-- Exercise directions --
The entries below contain pictures, which are to be left out; write out exactly, and only, the lines from the line with "Cheap & Chic In The Center Of Apartment" up to and including the line with "انتظاری هشت‌ساله در فضایی سوررئال".

-- Records --
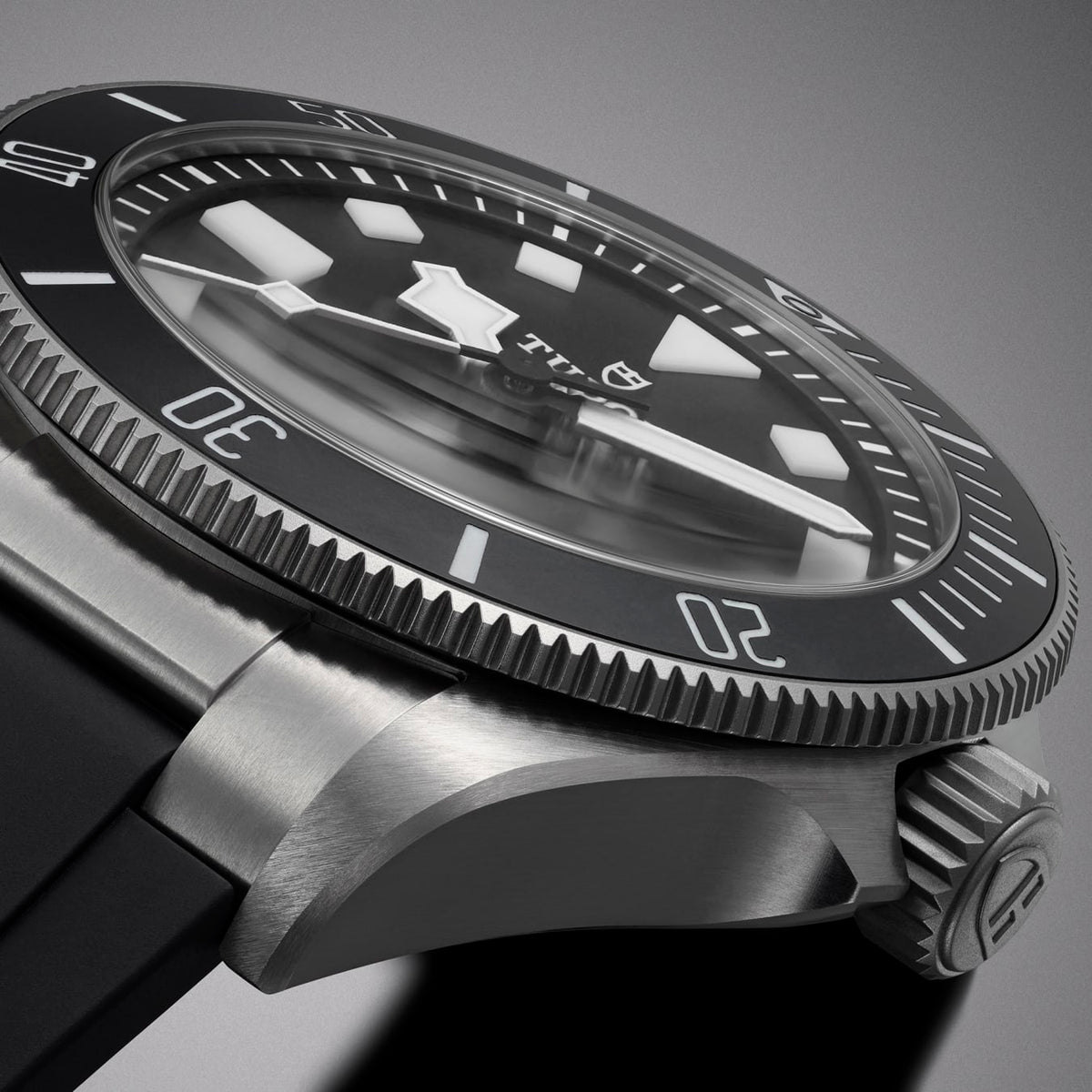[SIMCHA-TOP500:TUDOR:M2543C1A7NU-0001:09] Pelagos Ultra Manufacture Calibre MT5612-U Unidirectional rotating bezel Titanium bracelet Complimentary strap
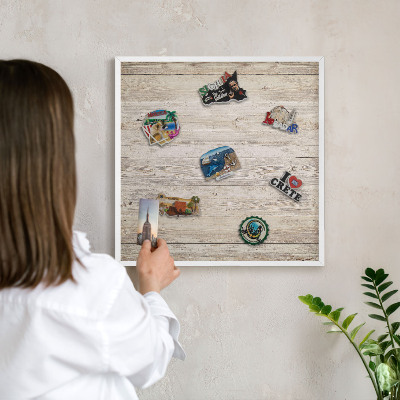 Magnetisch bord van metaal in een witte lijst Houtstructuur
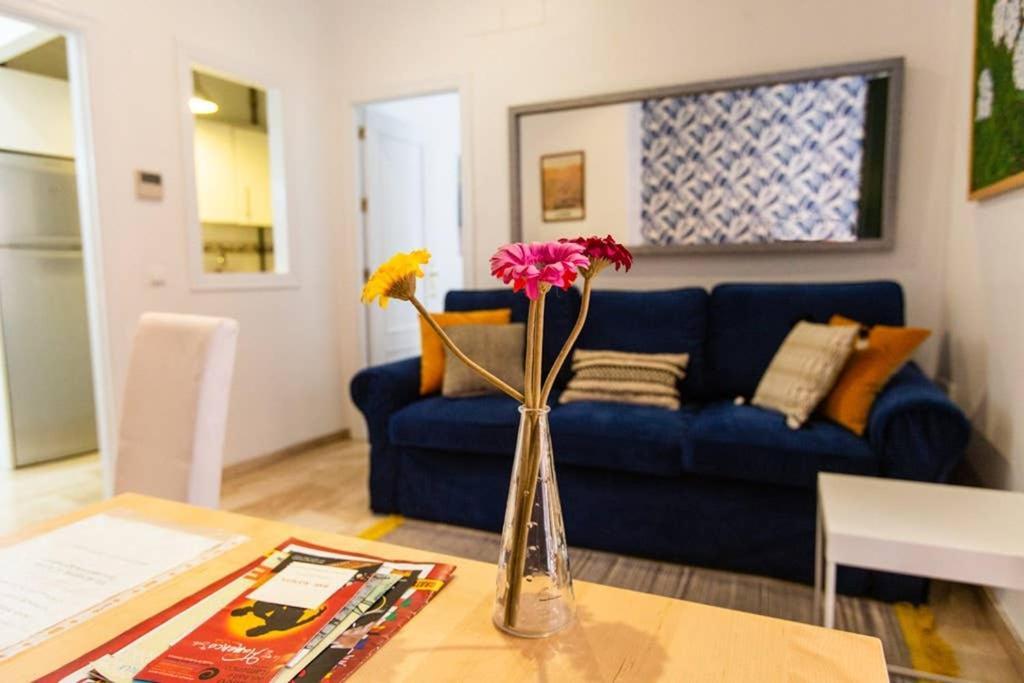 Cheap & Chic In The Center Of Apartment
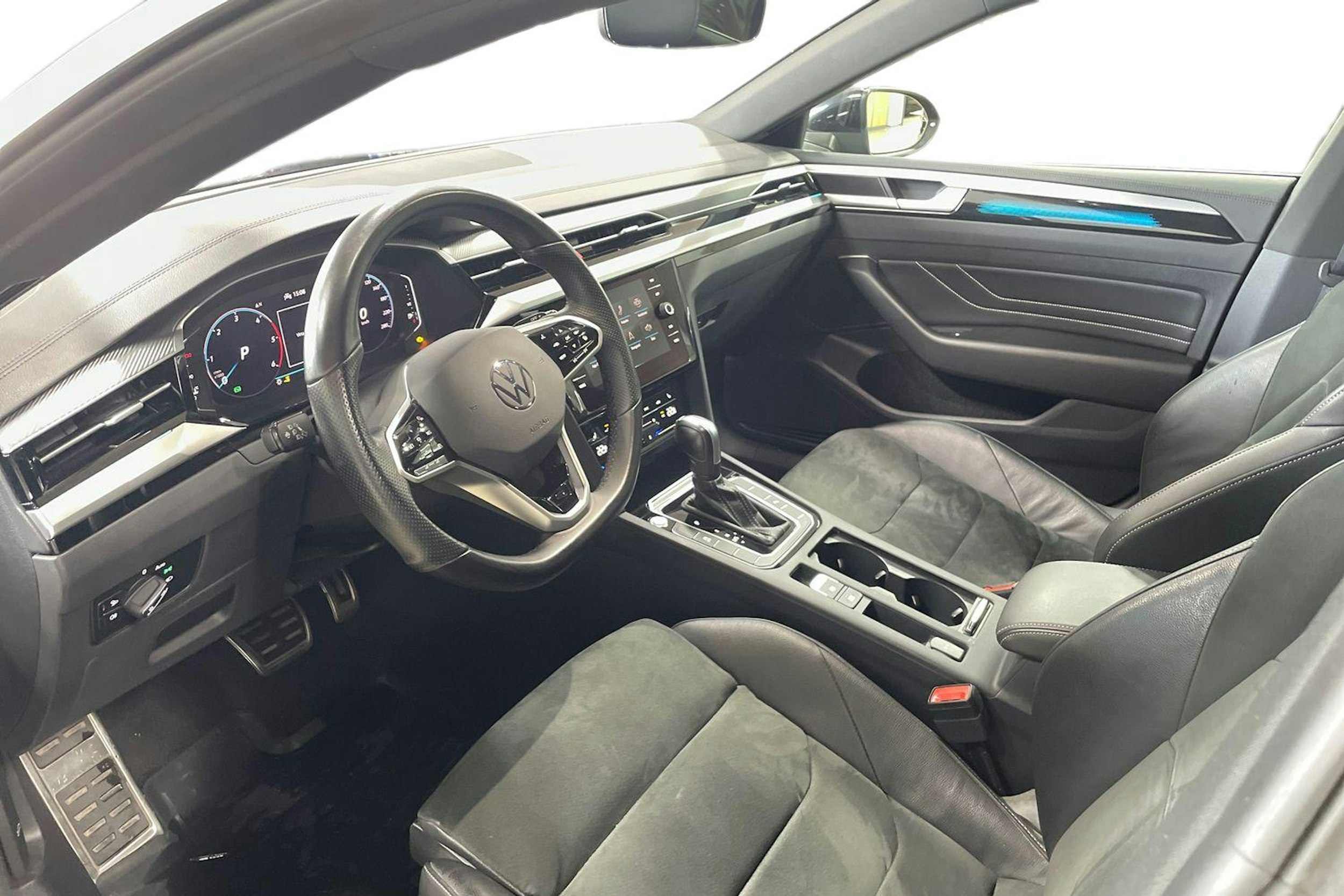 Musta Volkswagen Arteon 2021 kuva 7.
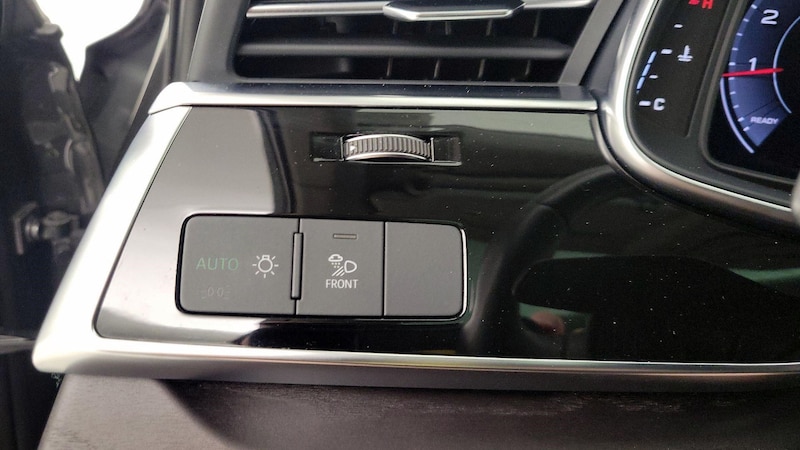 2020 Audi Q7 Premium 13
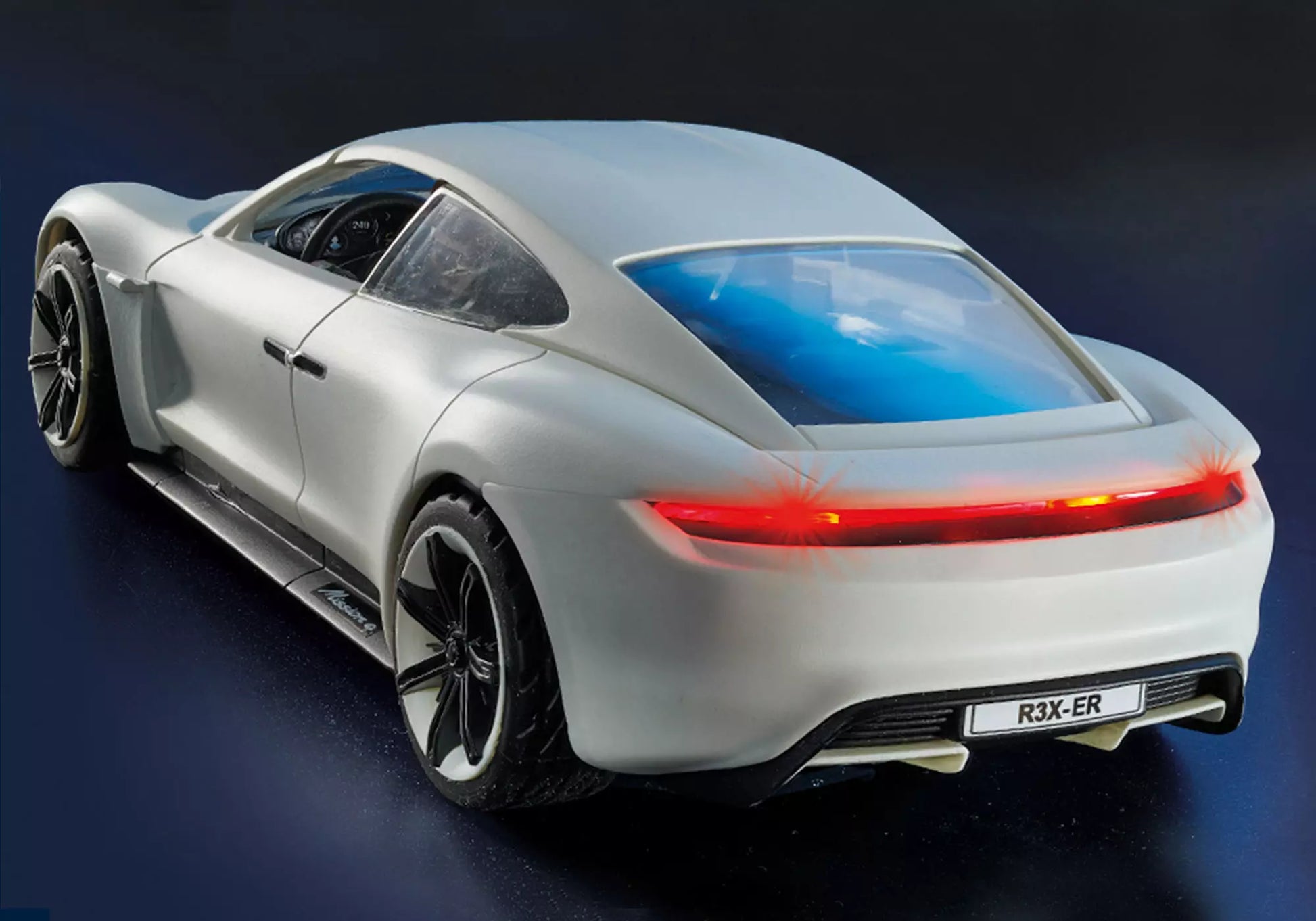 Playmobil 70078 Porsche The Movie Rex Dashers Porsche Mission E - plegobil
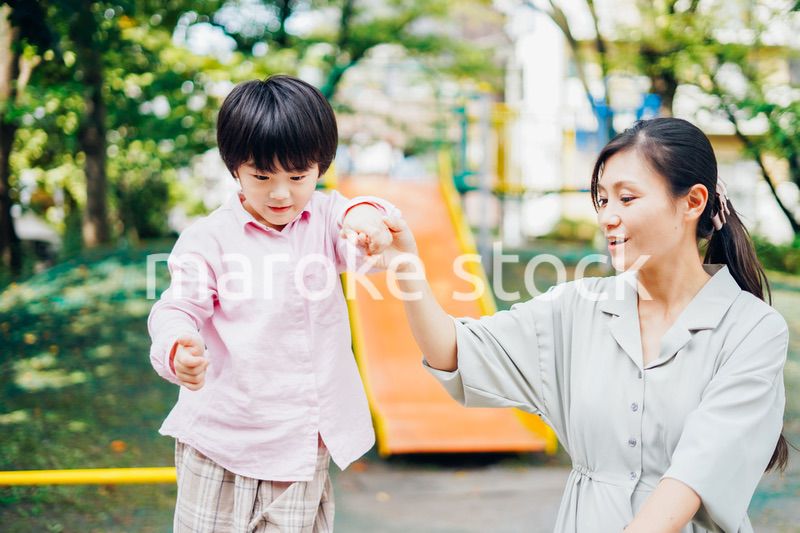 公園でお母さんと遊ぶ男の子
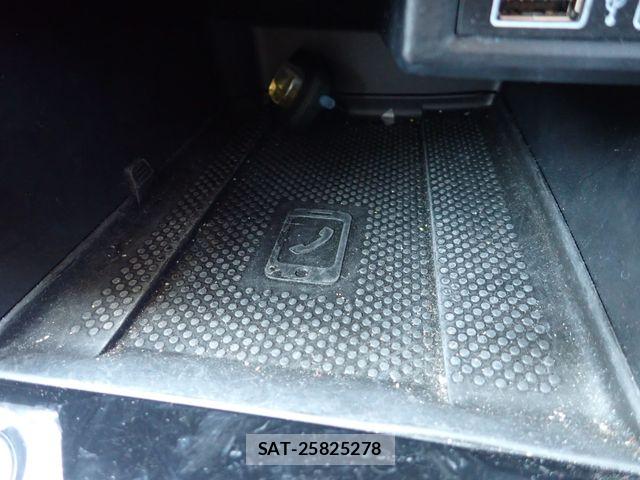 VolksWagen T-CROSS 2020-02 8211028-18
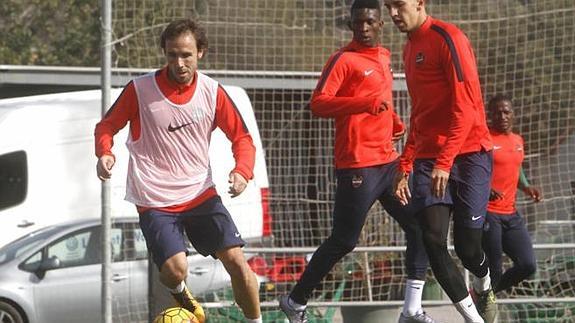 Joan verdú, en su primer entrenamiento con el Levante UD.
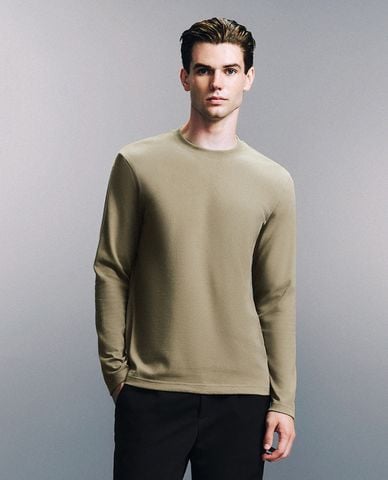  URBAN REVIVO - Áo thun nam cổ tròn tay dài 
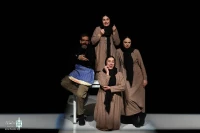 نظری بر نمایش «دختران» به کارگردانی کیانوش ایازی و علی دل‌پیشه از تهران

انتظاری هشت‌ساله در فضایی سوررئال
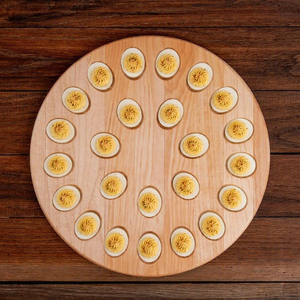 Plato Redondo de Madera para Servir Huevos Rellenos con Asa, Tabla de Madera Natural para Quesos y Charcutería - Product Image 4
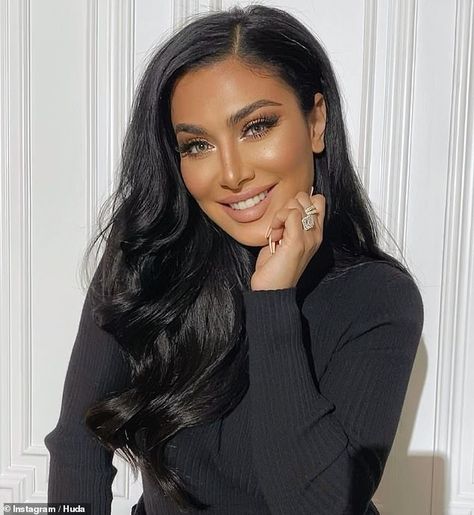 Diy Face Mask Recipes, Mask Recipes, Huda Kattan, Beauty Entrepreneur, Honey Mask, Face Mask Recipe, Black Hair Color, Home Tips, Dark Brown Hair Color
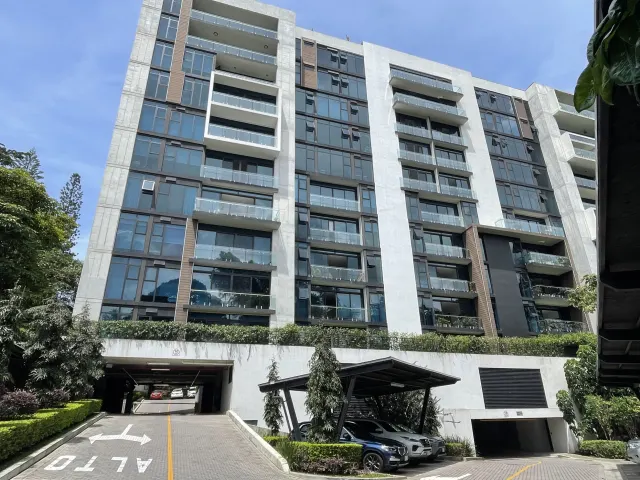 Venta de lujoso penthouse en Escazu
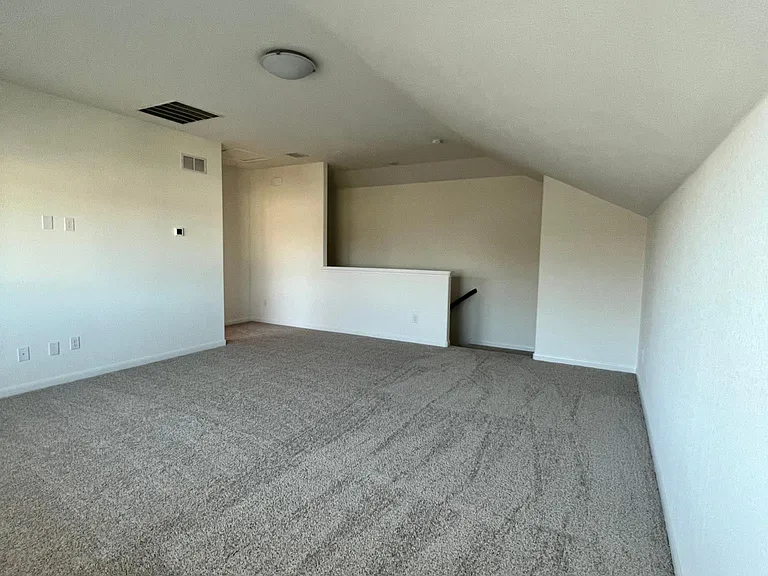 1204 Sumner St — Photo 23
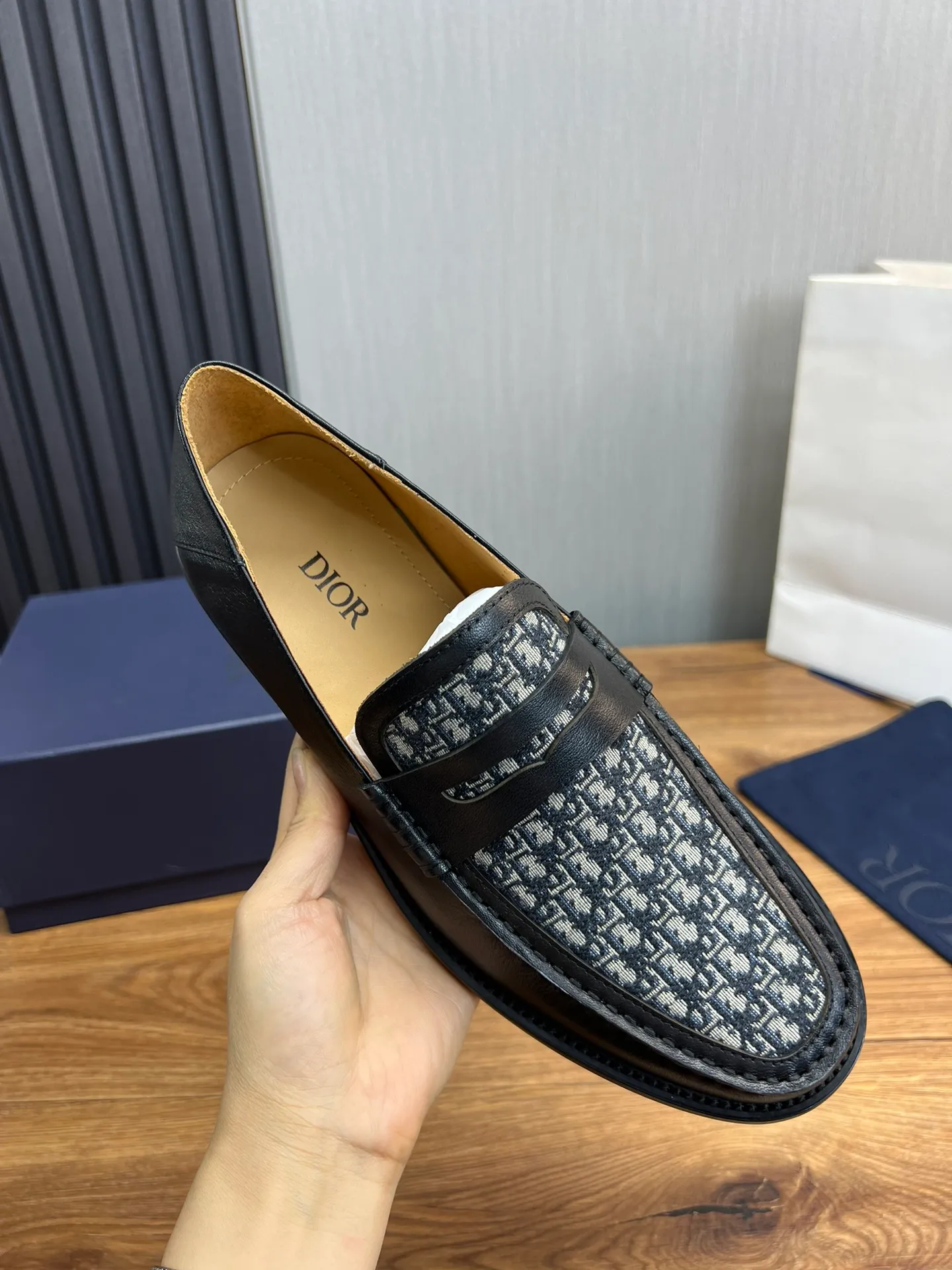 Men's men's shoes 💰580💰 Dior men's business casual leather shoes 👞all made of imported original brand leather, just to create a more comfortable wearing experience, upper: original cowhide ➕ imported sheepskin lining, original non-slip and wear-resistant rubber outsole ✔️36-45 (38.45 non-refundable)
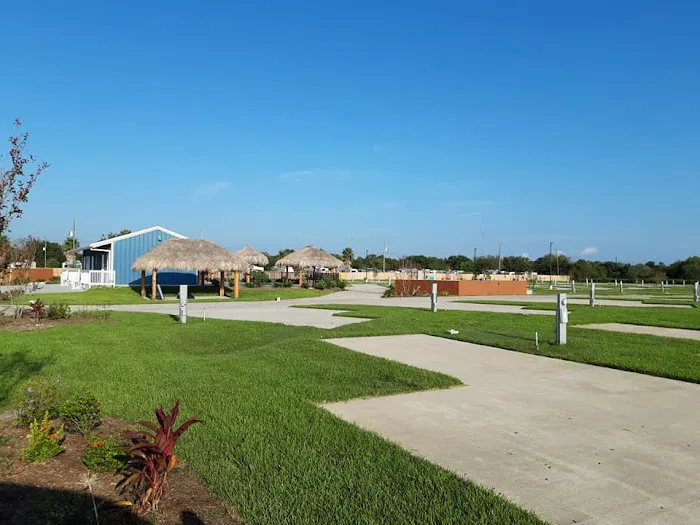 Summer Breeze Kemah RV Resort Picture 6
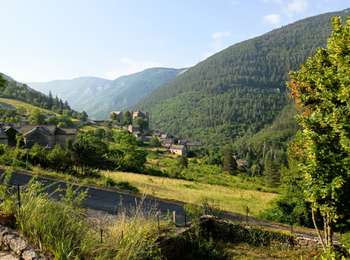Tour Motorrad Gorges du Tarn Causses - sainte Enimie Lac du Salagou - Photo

-- Solution for this problem --
 Cheap & Chic In The Center Of Apartment
 Musta Volkswagen Arteon 2021 kuva 7.
 2020 Audi Q7 Premium 13
 Playmobil 70078 Porsche The Movie Rex Dashers Porsche Mission E - plegobil
 公園でお母さんと遊ぶ男の子
 VolksWagen T-CROSS 2020-02 8211028-18
 Joan verdú, en su primer entrenamiento con el Levante UD.
  URBAN REVIVO - Áo thun nam cổ tròn tay dài 
 نظری بر نمایش «دختران» به کارگردانی کیانوش ایازی و علی دل‌پیشه از تهران

انتظاری هشت‌ساله در فضایی سوررئال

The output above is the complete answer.